Gourmat was a French national, and Djedou was Belgian.
Both of them were "close associates" of Abu Muhammad al-Adnani, an IS spokesman and an external operations leader who was killed in a coalition air strike in August.
The third person killed was Walid Hamman, a Frenchman who Cook said was a Walid Hamman, a Frenchman who Cook said was a suicide-attack planner who was convicted in absentia in Belgium for a terror plot disrupted in 2015.
They were riding together in a vehicle at the time of the drone strike, Pentagon spokesman Navy Captain Jeff Davis said.
All three belonged to a network led by Boubaker Al-Hakim, a Tunisian killed in an air strike last month, officials said.
Last year's IS-claimed attacks in Paris saw suicide bombers and gunmen launch a coordinated assault across the French capital, including at the Bataclan, a concert hall where 90 people were killed by three attackers during a rock gig in the culmination of the carnage.
Gourmat had worked on external attacks in Europe, the Middle East and north Africa and was involved in the "financial facilitation" of the Paris attacks, Davis said.
Djedou was involved in plotting Europe attacks, Davis added without giving details about his role in the Paris attacks.

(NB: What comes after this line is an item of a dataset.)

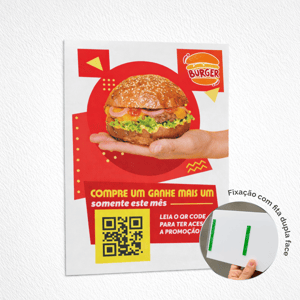 Placa Pix de Parede em Acrílico 2,4mm – QR Code Simples Acrílico 2,4mm 14x20cm Colorida (4x0)  Corte Reto Fixação: Fita Dupla Face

Hamman was a "longtime French terrorist" who helped IS seize Mosul and other operations, Davis said.
In March 2014, a French court sentenced an absent Gourmat, then 24, to four years in prison for charges including trying to conduct jihad in Syria.
He had been arrested with two other men in May 2012 at an airport near Saint-Etienne in central France carrying a revolver, night-vision goggles, camouflage clothing and tactical vests.